Download the R markdown file for this lecture.

Linear regression models can be conveniently expressed using matrix notation.

In this lecture, we will now see how results for linear models are much more easily derived and understood using matrix notation than without it.

Also note that the matrix approach is what is being done in the background by all good statistical software.

Matrix Formulation of the Linear Model

\[\boldsymbol{y} = X {\boldsymbol{\beta}} + {\boldsymbol{\varepsilon}} \label{eq:matrixLM}\]

where \(\boldsymbol{y}\) is the response vector, X is the design matrix, \({\boldsymbol{\beta}}\) is the vector of p+1 regression parameters, and \({\boldsymbol{\varepsilon}}\) is the vector of n error terms.

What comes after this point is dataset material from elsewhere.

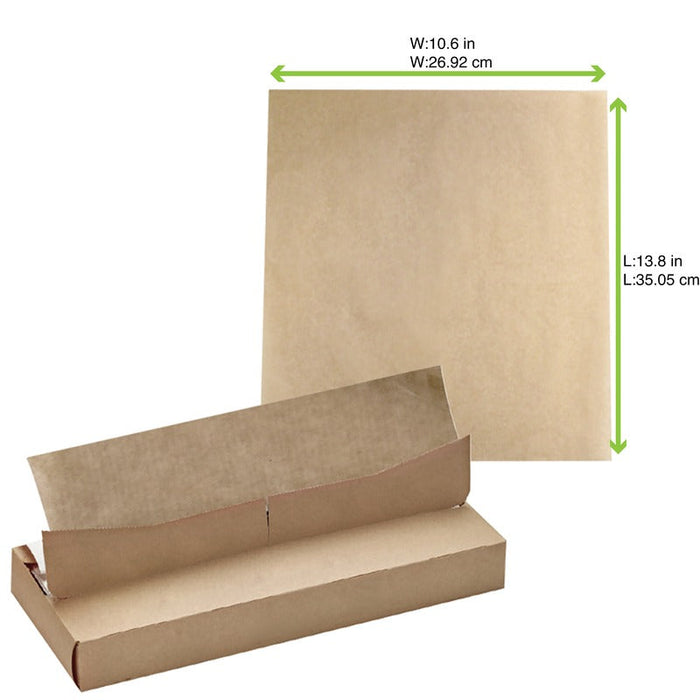 Carta alimentare kraft marrone in scatola distributrice - 35 cm x 27 cm - 1000 unità - dimensions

\(\boldsymbol{y} = \left [ \begin{array}{c} y_1\\ y_2\\ \vdots\\ y_n \end{array} \right ]\), \(X = \left [ \begin{array}{cccc} 1 & x_{11} & \ldots & x_{1p}\\ 1 & x_{21} & \ldots & x_{2p}\\ \vdots & \vdots & \ddots & \vdots\\ 1 & x_{n1} & \ldots & x_{np} \end{array} \right ]\), \(\boldsymbol{\beta} = \left [ \begin{array}{c} \beta_0\\ \beta_1\\ \vdots\\ \beta_p\\ \end{array} \right ]\), and \(\boldsymbol{\varepsilon} = \left [ \begin{array}{c} \varepsilon_1\\ \varepsilon_2\\ \vdots\\ \varepsilon_n\\ \end{array} \right ]\)

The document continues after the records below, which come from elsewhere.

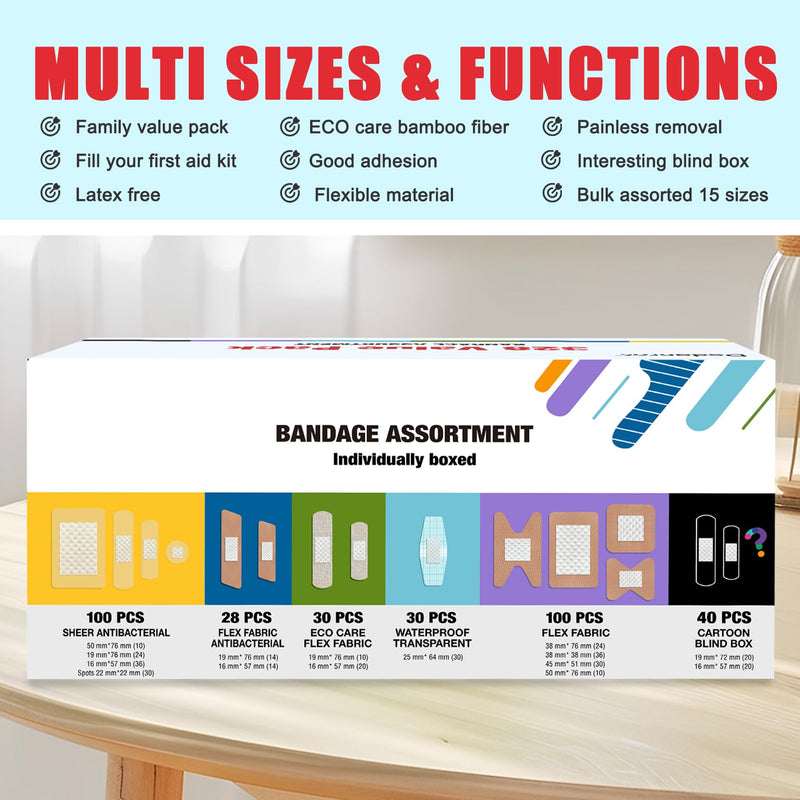 [Australia - AusPower] - Variety Bandages Pack,328ct Assorted Bulk Various Sizes, Shapes &Features | Sheer & Flex Fabric with Benzalkonium, ECO Bamboo Fabric, Waterproof, Cartoon Blind Box Fragrance Bandages 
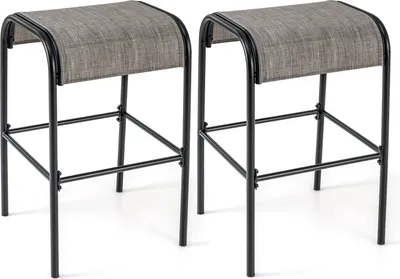 Produktbild von COSTWAY 2er Set Barhocker Outdoor, Barstühle mit gebogenem Stoffsitz, Tresenhocker bis zu 180kg, Sitzhöhe 76 cm, rückenfreie Bistrohocker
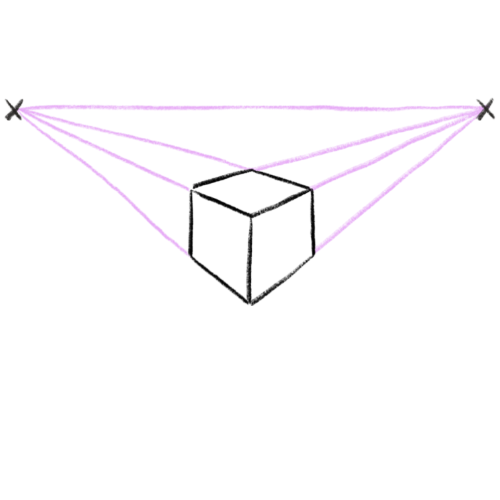 A 3D illustration of a black and white cube in front of a Pyramid with pink laser lines projecting from its base.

The mean (expected) value of the random vector \(\boldsymbol{y}\) is \[\begin{aligned} \boldsymbol{\mu} &=& E[\boldsymbol{y}]\\ &=& \left [ \begin{array}{c} E[y_1] \\ E[y_2] \\ \vdots \\ E[y_n] \end{array} \right ] \\ &=& E[X {\boldsymbol{\beta}} + {\boldsymbol{\varepsilon}}]\\ &=& X {\boldsymbol{\beta}}\end{aligned}\]

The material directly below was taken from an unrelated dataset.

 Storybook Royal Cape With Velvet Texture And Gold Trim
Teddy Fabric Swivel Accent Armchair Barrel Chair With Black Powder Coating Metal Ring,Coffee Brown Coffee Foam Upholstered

Least Squares Estimation by Matrices

For observed responses \(\boldsymbol{y}\) the sum of squared errors can be written as \[SS({\boldsymbol{\beta}}) = (\boldsymbol{y} - X {\boldsymbol{\beta}})^T (\boldsymbol{y} - X {\boldsymbol{\beta}}).\]

  • This can be minimised using multivariate (vector) calculus to give the least squares estimates as \[\hat{{\boldsymbol{\beta}}} = (X^TX)^{-1} X^T \boldsymbol{y}.\]

Simple Linear Regression in matrix form

For a simple linear regression model the design matrix is \[X = \left [ \begin{array}{cc} 1 & x_{1} \\ 1 & x_{2} \\ \vdots & \vdots \\ 1 & x_{n} \end{array} \right ]\] If we observe responses \(\boldsymbol{y}\), the least squares estimate of \({\boldsymbol{\beta}}\) is: \[\begin{aligned} \hat{\boldsymbol{\beta}} &=& (X^T X)^{-1} X^T \boldsymbol{y} = \left [ \begin{array}{cc} n & n \bar{x}\\ n\bar{x} & \sum_i x_i^2 \end{array} \right ]^{-1} \left [ \begin{array}{cccc} 1 & 1 & \ldots & 1 \\ x_1 & x_2 & \ldots & x_n \end{array} \right ] \left [ \begin{array}{c} y_1\\ y_2\\ \vdots\\ y_n \end{array} \right ] \\ &=& \frac{1}{n s_{xx}} \left [ \begin{array}{cc} \sum_i x_i^2 & - n \bar{x}\\ - n\bar{x} & n \end{array} \right ] \left [ \begin{array}{c} n \bar{y}\\ \sum_i x_i y_i \end{array} \right ] = \frac{1}{s_{xx}} \left [ \begin{array}{c} \bar{y} \sum_i x_i^2 - \bar{x} \sum_i{x_i y_i} \\ s_{xy} \end{array} \right ]\end{aligned}\]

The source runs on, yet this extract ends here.